Doch die Realität sieht anders aus. Deutschland ist Europameister im Wegwerfen. 220 Kilo Verpackungsmüll fallen in Deutschland jedes Jahr pro Kopf an. Das ist absurd viel. Und es wird nicht weniger, im Gegenteil: Die Flut an Verpackungsmüll schwillt weiter an. Bis heute hat die Welt den Planeten mit unfassbaren 8,3 Milliarden Tonnen Kunststoff überzogen. Sichtbar wird das in Ländern wie Malaysia, Thailand oder Indien, wo Menschen und Umwelt am Müll der westlichen Welt zu ersticken drohen.
Noch immer glauben zu viele Menschen, der Müll in den Weltmeeren sei ein anderer als der, den sie zu Hause in die Tonne werfen. Was kann Deutschland, der Recycling-Vorreiter, schließlich dafür, wenn in Malaysia schmutziges Plastik in die Meere gelangt? Eine ganze Menge.
Etwa ein Drittel der Verpackungen, die im Gelben Sack landen, gelten nach wie vor als "nicht recyclingfähig". Sie sind entweder stark verschmutzt oder bestehen aus Verbundmaterialien, die nur schwer voneinander zu trennen sind. Aber anstatt bessere Sortieranlagen zu entwickeln, war es bislang günstiger, den Plastikmüll einfach zu verbrennen - oder ihn zu exportieren.
Ein Gesichtsverlust für die deutsche Recycling-Industrie
Über Jahrzehnte landete fast die Hälfte der globalen Kunststoffabfälle in China. Doch das Land will den Müll der Welt nicht mehr und hat den Import gestoppt. Die Entsorger standen vor der Wahl: Sollten sie viel Geld investieren und neue, modernere Recycling-Anlagen für den zusätzlichen Müll bauen? Oder einen neuen Abnehmer in Südostasien suchen, für den das Geschäft mit dem Abfall lukrativ ist? Die Wahl fiel auf Letzteres.
Für die Industrie eines Landes, das sich nicht nur rühmt, Recycling-Weltmeister zu sein, sondern auch für seine Ingenieurskunst gefeiert werden will, ist das ein Gesichtsverlust.
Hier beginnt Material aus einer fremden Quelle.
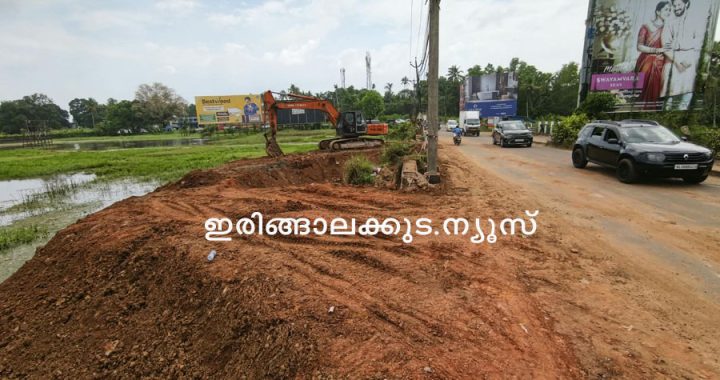 തൃശൂര്‍ കൊടുങ്ങല്ലൂര്‍ സംസ്ഥാനപാതയില്‍ നിര്‍മാണം ആരംഭിക്കാനിരിക്കുന്ന നടവരമ്പ് ചിറവളവ് ഭാഗത്ത് താത്കാലിക തടയണ നിര്‍മിക്കുന്നു.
Es ist nicht vertretbar, deutschen Müll in einem Land abzuladen, das nicht einmal mit seinem eigenen Abfall klarkommt. Der Kampf gegen den Plastikmüll muss, will man ihn gewinnen, grundlegend anders geführt werden.
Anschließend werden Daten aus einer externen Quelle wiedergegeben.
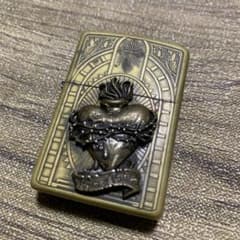 ハート彫刻の金属製ライターのサムネイル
Zunächst muss Deutschland den Handel mit dreckigem Plastik nach Südostasien stoppen. Wie kann es sein, dass mehr Plastikmüll nach Malaysia gelangt als in die Niederlande oder Tschechien, obwohl es dort funktionierende Recycling-Systeme gibt? Langfristig ist aber auch der Müll-Export in Nachbarländer keine Option. Jedes Land in der EU muss seinen Müll dort verwerten, wo er entsteht: mit besseren Recycling-Anlagen und einem Kreislaufsystem, das seinen Namen verdient und sich nicht mit Quoten rühmt, die durch den Export von Abfall geschönt werden.
Das eigentliche Ziel ist die Vermeidung von Plastikmüll
Doch es wäre falsch, nur die Industrie in die Verantwortung zu nehmen. Denn auch die besten Verwertungsanlagen und höchsten Recyclingquoten können nichts zur eigentlichen Lösung des Problems beitragen: der Vermeidung von Müll.
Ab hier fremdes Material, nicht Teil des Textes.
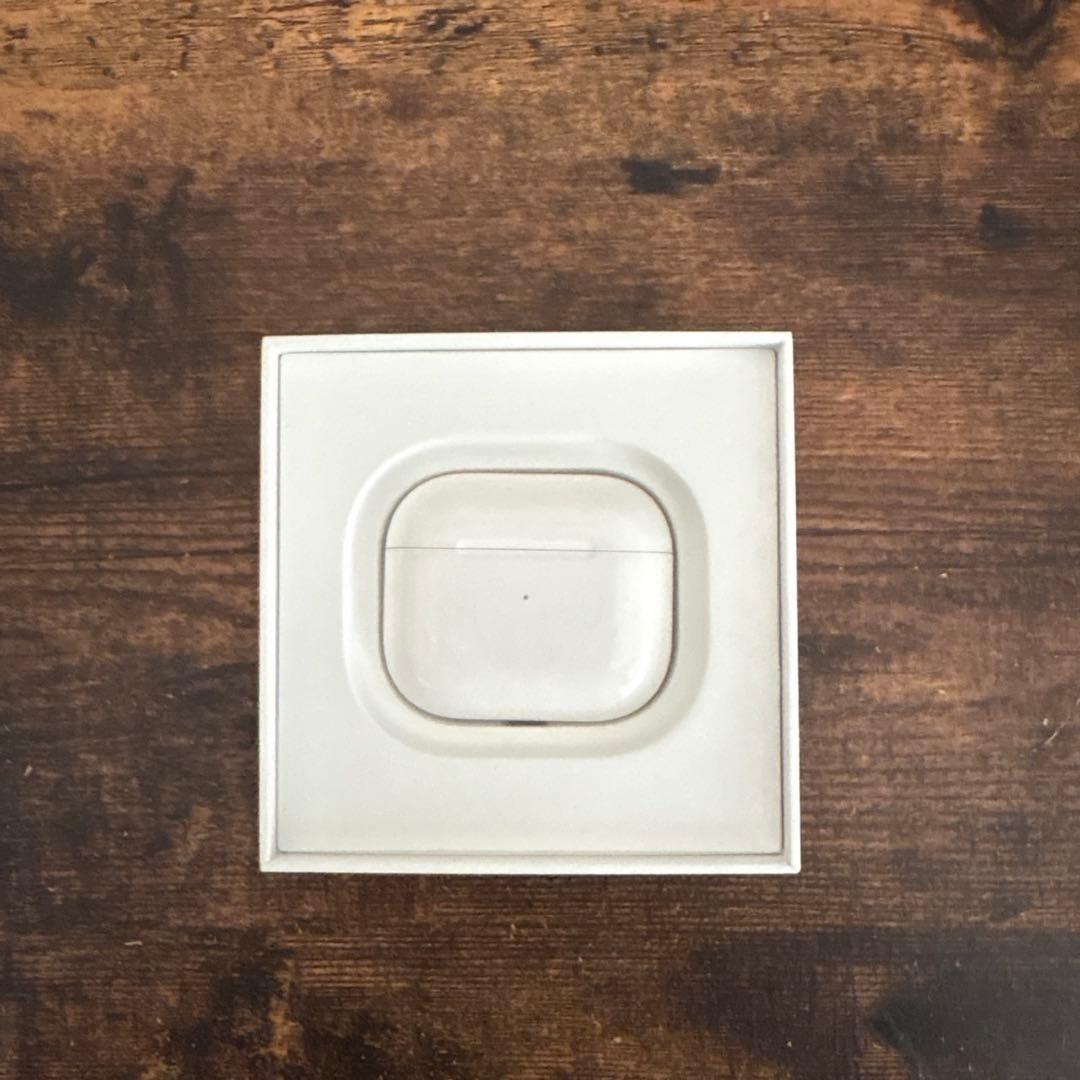 AirPods 第3世代 megsafe対応 ノイキャンなし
Es braucht einen grundlegenden Bewusstseinswandel. Millionen Menschen hierzulande haben sich einen Konsum angewöhnt, der die ökologische Folgen komplett ausblendet. Es ist ja auch so bequem: die einzeln verpackten Bonbons, die in der Tüte nicht zusammenkleben; das eingeschweißte Steak, das sich ein paar Tage länger hält als das von der Frischetheke; die bereits portionierten Joghurts im Viererpack mit der praktischen Papp-Ummantelung. Der Mensch sieht schlicht keine Notwendigkeit mehr, sparsam mit Verpackungen umzugehen.
Was sich aber jeder Kunde vor Augen halten sollte: Jedes Mal, wenn er eine Kaufentscheidung tätigt, trifft er eine weitere Wahl: für das eigene, flüchtige Wohl und gegen das der Umwelt. Denn mit dem unreflektierten Konsum steigt auch das Abfallaufkommen.